Sunday, November 22, 2009


I am grateful for the many thoughtful comments (mostly private) on the last post. It's true that, at the moment, the organ is anything but "in." Chamber music and symphonies by Central European, German-speaking composers, written between 1775 and 1925 -- that is in. But look at how the Early Music movement was a mere curiosity in the 1950s. In the 1960s it was derided, but it was becoming prevalent enough to scare people into that derision. By the 1970s it was starting to be trendy; now people were really becoming scared. By the 1980s, Boston had more Early Music happening than the other kind. Today, most all classical musicians of any camp perform Baroque music with some sort of stylistic understanding. In 1950 it wouldn't have seemed possible.

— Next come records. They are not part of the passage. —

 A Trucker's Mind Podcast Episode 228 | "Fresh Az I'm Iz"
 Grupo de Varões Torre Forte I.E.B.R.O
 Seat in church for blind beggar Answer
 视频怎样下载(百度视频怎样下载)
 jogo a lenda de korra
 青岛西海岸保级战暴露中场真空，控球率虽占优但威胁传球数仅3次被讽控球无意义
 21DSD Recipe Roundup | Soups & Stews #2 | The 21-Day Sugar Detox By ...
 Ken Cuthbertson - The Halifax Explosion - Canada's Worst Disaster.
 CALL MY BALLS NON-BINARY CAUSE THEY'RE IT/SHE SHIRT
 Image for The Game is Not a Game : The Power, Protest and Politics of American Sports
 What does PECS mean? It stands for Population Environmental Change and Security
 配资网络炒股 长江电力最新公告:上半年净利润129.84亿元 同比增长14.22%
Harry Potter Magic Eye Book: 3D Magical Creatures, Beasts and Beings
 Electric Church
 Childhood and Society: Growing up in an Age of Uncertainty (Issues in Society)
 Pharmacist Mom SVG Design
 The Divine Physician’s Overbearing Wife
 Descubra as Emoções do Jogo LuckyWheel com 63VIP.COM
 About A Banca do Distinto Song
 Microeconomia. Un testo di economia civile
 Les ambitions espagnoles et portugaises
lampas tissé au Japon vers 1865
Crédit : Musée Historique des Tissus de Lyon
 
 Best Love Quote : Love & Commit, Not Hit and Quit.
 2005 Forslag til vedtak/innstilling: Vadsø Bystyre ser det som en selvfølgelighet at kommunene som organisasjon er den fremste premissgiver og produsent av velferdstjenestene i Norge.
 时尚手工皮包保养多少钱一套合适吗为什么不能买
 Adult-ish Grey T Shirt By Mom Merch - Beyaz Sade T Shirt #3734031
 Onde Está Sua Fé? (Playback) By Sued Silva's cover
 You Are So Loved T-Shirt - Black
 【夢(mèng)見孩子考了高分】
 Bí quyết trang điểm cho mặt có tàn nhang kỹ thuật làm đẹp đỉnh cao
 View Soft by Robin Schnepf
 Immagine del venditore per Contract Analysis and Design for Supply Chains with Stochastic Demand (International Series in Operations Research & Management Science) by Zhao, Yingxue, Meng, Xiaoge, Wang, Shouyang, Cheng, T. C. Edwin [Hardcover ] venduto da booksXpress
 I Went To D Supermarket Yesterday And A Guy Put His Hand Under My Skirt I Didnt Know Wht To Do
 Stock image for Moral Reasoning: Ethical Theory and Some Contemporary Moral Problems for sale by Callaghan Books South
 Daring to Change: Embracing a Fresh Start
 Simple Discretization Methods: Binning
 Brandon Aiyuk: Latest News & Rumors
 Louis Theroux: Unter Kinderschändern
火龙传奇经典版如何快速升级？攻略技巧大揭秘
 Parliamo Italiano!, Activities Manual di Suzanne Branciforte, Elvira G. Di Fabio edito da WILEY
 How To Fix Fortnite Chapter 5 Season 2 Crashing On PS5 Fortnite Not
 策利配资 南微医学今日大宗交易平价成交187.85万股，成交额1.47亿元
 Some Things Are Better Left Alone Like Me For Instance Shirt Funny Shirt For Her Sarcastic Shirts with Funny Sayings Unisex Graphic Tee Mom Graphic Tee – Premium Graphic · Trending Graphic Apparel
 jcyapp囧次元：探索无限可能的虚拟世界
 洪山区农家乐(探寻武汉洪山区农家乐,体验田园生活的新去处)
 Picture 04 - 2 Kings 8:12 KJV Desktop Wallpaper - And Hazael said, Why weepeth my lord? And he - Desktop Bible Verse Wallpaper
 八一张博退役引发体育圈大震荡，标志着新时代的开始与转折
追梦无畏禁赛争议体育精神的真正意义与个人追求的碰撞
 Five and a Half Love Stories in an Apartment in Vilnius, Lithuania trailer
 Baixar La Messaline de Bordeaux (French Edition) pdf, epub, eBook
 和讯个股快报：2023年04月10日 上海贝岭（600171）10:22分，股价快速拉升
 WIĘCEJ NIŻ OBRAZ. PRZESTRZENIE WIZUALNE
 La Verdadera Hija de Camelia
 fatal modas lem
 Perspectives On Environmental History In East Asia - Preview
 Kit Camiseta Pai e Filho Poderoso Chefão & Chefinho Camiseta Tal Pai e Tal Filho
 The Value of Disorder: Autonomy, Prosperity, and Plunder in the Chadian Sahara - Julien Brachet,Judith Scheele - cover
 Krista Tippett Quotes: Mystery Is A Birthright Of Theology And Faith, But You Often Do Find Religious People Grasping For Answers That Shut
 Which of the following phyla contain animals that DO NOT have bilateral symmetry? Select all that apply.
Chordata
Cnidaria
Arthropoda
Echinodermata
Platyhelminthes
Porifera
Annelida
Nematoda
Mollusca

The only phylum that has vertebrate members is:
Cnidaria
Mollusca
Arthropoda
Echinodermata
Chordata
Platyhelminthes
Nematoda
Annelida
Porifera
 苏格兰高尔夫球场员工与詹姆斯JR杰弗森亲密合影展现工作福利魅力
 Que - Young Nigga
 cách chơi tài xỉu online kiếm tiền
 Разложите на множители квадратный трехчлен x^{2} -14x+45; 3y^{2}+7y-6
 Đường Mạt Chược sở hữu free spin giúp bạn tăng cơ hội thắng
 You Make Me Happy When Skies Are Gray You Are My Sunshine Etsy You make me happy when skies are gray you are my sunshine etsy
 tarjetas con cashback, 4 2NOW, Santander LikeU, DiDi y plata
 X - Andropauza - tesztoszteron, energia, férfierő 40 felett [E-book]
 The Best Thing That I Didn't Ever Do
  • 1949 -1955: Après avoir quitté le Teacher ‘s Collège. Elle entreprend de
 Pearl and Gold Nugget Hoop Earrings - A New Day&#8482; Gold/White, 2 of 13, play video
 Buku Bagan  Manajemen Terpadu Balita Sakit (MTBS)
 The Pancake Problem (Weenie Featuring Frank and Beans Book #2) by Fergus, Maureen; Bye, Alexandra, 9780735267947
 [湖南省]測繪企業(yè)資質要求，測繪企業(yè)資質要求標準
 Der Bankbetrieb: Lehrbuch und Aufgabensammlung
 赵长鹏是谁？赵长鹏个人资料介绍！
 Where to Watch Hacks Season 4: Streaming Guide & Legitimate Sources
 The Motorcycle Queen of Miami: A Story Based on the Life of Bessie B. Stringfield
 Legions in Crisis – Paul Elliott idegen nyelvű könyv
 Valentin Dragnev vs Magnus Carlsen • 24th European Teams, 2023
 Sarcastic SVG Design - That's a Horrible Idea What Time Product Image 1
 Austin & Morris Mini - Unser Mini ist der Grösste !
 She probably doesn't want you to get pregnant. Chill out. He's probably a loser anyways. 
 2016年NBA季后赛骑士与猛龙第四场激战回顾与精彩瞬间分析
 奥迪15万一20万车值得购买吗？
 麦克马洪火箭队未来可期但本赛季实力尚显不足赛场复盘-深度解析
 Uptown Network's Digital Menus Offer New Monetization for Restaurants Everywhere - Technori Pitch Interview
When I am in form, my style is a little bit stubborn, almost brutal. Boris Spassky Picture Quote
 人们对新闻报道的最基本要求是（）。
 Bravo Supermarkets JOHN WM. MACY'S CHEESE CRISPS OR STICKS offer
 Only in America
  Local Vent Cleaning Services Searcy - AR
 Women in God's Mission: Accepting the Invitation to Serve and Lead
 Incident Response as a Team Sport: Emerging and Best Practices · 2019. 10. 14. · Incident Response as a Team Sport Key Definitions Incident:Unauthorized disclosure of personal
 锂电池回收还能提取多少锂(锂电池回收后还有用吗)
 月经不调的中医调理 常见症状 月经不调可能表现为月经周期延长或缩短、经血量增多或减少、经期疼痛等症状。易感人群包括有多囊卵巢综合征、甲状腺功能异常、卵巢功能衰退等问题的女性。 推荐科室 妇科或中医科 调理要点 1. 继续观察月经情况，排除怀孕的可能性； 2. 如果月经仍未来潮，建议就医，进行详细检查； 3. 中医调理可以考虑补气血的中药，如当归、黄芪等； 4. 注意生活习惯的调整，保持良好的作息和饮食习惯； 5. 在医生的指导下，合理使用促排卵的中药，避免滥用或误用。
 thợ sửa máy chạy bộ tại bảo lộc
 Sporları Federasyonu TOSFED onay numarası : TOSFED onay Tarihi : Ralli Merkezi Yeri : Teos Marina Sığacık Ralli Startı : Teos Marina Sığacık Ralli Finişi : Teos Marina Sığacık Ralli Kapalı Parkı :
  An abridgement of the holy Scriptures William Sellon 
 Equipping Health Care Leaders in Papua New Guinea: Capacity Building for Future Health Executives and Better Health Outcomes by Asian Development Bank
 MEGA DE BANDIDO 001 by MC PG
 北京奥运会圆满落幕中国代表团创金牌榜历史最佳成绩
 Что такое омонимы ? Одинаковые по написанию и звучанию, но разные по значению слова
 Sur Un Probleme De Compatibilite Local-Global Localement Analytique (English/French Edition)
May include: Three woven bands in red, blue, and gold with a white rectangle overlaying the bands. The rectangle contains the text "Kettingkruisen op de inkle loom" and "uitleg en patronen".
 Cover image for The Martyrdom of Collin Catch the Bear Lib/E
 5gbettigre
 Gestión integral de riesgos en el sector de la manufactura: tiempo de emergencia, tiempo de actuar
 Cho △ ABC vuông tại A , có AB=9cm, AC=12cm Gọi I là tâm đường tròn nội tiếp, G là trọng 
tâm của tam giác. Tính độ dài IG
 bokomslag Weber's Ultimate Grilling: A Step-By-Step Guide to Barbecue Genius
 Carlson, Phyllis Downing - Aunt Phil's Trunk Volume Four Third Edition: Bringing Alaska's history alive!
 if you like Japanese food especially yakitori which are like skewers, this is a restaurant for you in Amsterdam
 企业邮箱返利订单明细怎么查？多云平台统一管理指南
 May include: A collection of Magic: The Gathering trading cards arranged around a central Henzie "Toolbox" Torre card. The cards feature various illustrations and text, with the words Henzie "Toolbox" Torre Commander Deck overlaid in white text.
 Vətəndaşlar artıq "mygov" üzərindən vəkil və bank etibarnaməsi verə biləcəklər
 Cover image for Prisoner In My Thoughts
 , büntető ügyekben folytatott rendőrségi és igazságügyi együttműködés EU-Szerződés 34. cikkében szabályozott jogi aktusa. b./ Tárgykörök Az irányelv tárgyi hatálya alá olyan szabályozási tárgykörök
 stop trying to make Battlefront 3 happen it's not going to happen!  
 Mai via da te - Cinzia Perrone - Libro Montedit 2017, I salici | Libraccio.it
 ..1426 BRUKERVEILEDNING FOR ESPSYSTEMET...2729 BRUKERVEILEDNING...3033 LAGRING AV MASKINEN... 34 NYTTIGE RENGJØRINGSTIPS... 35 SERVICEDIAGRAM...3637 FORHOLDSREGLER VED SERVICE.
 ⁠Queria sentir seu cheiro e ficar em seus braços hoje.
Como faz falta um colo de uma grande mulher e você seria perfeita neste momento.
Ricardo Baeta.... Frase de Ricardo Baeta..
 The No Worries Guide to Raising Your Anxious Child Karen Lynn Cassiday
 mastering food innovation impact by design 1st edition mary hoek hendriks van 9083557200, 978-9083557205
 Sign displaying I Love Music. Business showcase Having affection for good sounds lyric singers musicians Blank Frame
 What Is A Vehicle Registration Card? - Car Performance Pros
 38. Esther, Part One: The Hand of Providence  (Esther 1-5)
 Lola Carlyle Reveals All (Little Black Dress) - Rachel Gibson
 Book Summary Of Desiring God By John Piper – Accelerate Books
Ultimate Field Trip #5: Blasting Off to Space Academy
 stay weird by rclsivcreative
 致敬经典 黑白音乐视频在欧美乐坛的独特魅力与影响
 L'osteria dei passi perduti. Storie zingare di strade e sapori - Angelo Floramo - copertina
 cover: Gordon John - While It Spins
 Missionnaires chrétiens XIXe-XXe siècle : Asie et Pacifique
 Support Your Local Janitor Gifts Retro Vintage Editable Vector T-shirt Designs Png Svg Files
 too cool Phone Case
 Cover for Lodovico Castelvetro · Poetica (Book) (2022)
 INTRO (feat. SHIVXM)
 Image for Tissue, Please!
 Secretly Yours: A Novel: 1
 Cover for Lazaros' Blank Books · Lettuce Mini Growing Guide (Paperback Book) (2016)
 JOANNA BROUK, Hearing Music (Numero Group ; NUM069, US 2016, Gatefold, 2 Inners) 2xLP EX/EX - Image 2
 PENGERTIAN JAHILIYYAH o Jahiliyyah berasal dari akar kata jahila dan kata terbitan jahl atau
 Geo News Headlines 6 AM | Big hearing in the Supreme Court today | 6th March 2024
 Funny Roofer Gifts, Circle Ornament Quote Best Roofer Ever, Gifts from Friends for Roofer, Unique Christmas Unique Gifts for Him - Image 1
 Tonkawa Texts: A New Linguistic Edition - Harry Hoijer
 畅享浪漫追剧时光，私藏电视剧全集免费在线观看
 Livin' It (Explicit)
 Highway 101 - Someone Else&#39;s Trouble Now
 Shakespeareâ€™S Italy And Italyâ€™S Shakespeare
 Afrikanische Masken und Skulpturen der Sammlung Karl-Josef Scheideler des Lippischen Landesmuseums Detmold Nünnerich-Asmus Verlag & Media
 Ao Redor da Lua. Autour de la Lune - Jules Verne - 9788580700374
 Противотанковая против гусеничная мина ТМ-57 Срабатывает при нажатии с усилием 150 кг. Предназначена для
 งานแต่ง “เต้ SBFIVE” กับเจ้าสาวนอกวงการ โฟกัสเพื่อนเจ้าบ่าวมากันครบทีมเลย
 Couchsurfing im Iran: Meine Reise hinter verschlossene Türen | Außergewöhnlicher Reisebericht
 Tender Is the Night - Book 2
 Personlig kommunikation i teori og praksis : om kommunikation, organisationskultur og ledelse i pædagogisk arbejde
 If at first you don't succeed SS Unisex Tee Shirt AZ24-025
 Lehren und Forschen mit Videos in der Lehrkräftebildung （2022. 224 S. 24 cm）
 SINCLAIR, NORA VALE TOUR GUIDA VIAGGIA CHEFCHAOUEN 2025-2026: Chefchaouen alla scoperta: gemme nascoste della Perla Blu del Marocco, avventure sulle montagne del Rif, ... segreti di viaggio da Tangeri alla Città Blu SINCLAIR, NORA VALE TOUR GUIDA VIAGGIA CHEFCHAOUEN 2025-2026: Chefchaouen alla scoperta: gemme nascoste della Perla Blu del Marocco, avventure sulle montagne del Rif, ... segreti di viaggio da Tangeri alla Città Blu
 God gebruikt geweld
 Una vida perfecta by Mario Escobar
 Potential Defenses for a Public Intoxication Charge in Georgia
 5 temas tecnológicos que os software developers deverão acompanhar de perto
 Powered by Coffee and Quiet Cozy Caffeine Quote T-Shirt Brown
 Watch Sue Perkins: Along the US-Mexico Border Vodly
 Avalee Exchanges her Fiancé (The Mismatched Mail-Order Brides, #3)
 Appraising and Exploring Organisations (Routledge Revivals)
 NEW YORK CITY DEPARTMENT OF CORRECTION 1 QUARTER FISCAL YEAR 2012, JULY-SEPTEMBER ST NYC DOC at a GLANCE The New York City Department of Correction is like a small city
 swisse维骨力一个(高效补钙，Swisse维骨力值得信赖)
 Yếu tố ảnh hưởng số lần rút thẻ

Why can't there be a musical renaissance if there's already been a culinary one? Today you can go to a regular supermarket and find 15 kinds of whole bean coffee, 15 kinds of pasta, 15 kinds of cheese, 15 kinds of olive oil, 15 kinds of wheat bread ... As recently as 20 years ago, you had to go to expensive specialty stores for anything like that. And TV didn't have entire cooking networks -- there were Julia Child and the Frugal Gourmet, and only a couple of other smaller names. The public has become culinarily more sophisticated, more aware. It can also happen for music, and especially for the organ. In fact, I think it will.